What I Tried: Here is a picture :-
I made an attempt solving this and found rather a weird conclusion.
We have that $A,P,C,R$ are collinear, and also $AP = CR$. Let $DL = LS = BK = KQ = x$ . We have $AP = x\sqrt{2}$ . Since $PC$ = $(4 - 2\sqrt{2})$ , $AS = (4 - 2\sqrt{2} + 2x\sqrt{2})$ .
Now, $PF = FC$ . So by Pythagoras Theorem on $\Delta PFC$ , $PF = FC = \sqrt{12 - 8 \sqrt{2}}$.

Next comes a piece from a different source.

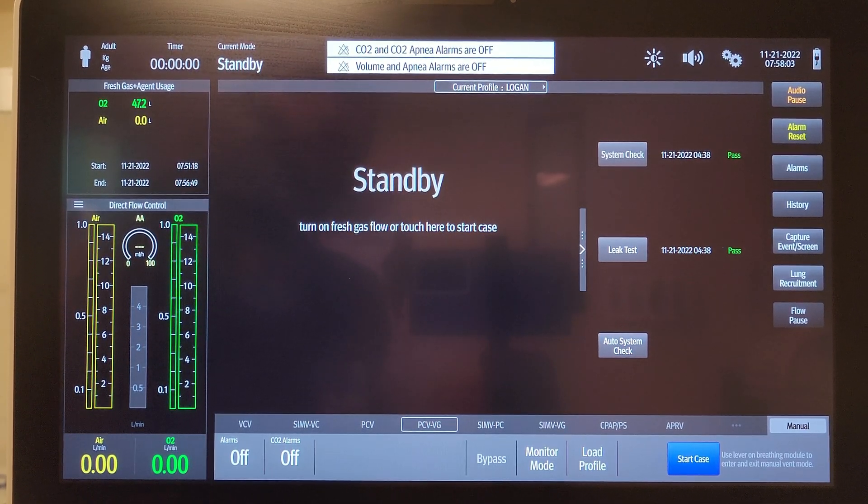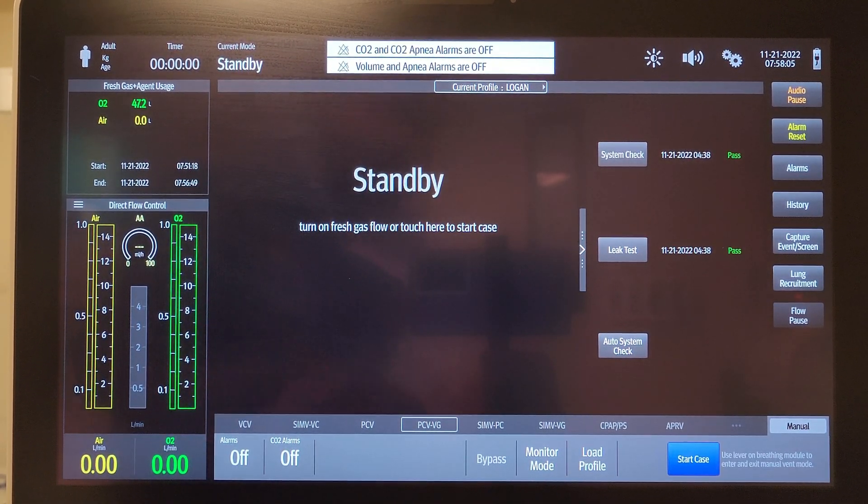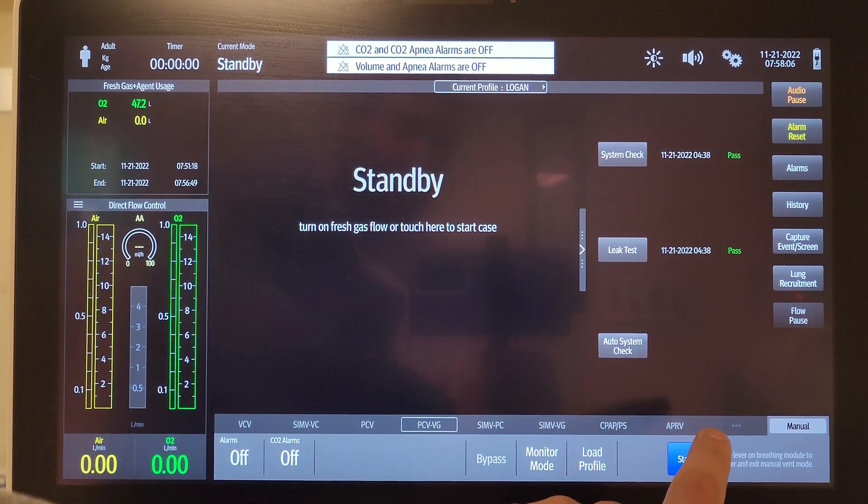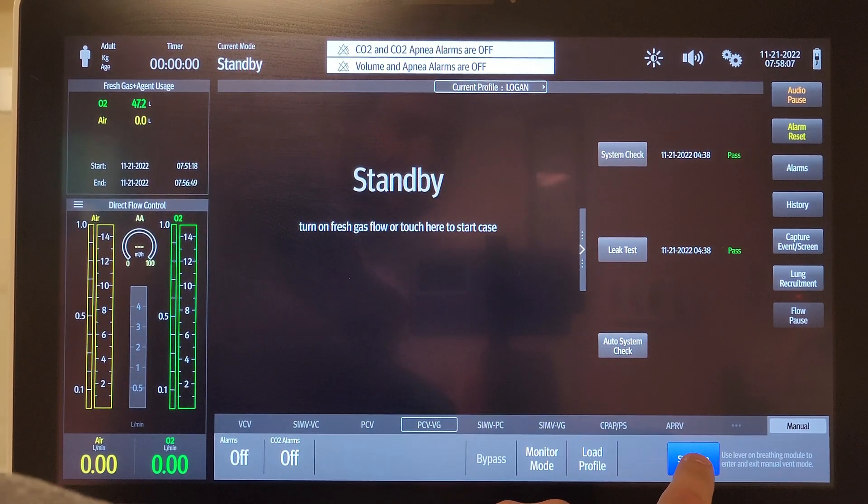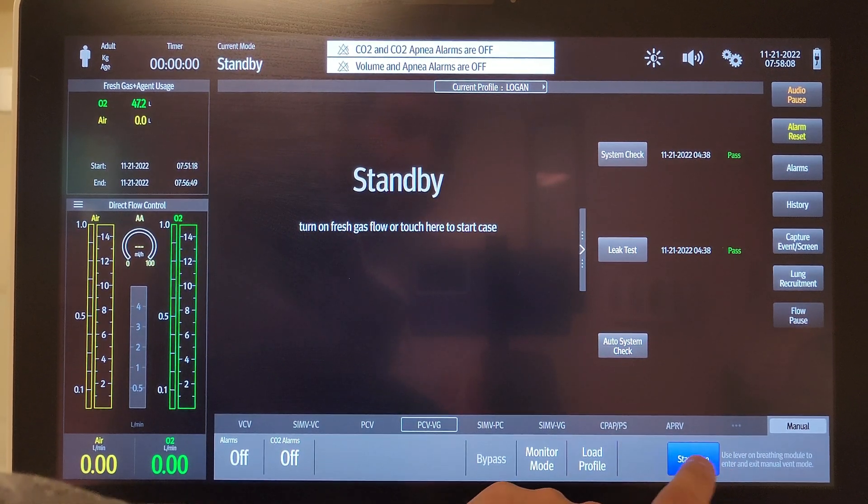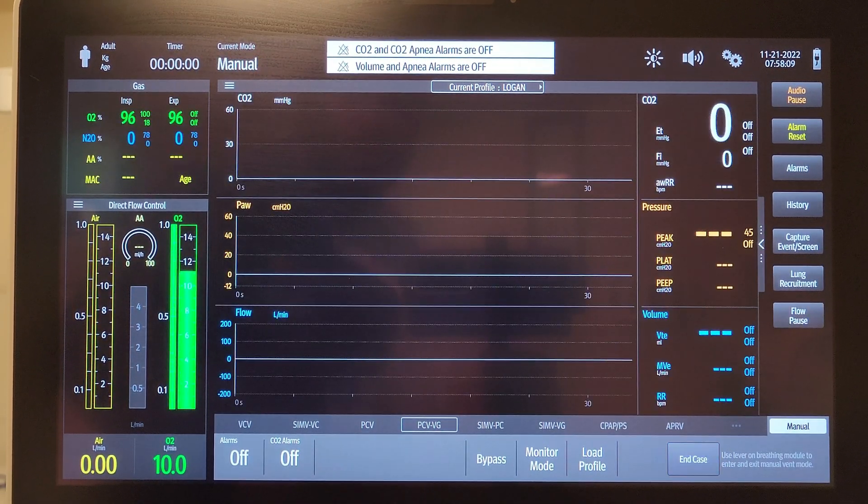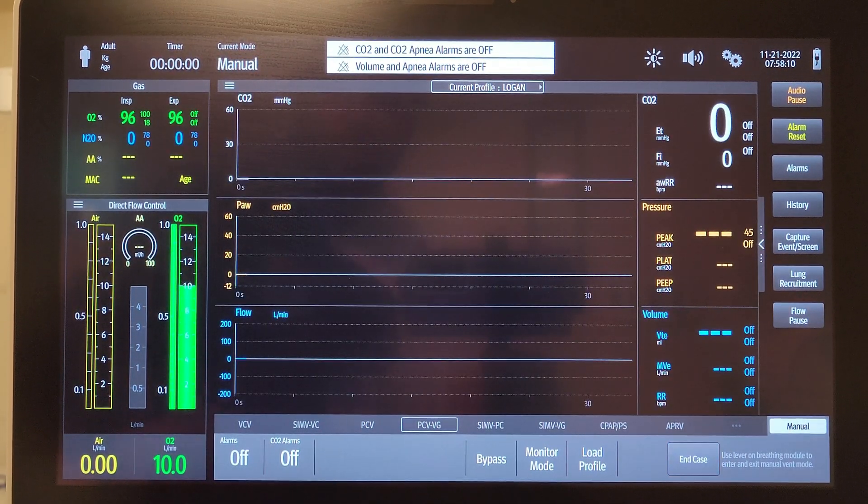Here's how this is going to go. To start a case, there's a start button down here in the corner. You can hit start case and it starts things.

$AL = LS = \sqrt{12 - 8 \sqrt{2}} + 2x$ and $AS = (4 - 2\sqrt{2} + 2x\sqrt{2})$ . So now by Pythagoras Theorem :-
$$2\bigg(\sqrt{12 - 8 \sqrt{2}} + 2x\bigg)^2 = (4 - 2\sqrt{2} + 2x\sqrt{2})$$ $$\rightarrow 2\bigg(12 - 8\sqrt{2} + 4\sqrt{12 - 8\sqrt{2}}x + 4x^2\bigg) = 8x^2 + 16\sqrt{2}x - 16x - 16\sqrt{2} + 24$$ $$\rightarrow 24 - 16\sqrt{2} + 8\sqrt{12 - 8\sqrt{2}}x + 8x^2 = 8x^2 + 16\sqrt{2}x - 16x - 16\sqrt{2} + 24$$ $$\rightarrow \sqrt{12 - 8\sqrt{2}}x = 2\sqrt{2}x - 16x$$ $$\rightarrow \sqrt{12 - 8\sqrt{2}} = 2\sqrt{2} - 16$$ But this is obviously false.
So I literally ended up in a completely false equation, might be making a mistake in this complicated calculations, and I cannot find it. So can anyone tell me where I made the mistake, or I am solving this in the correct way or not?
Using the fact that the side of the outer square and diagonal of the inner square are equal to the diameter of the circle,
$AD = \frac{AL + PE}{2} = \frac{2r + r\sqrt2}{2} = \frac{(2 + \sqrt2)(2 - \sqrt2)}{2} = 1$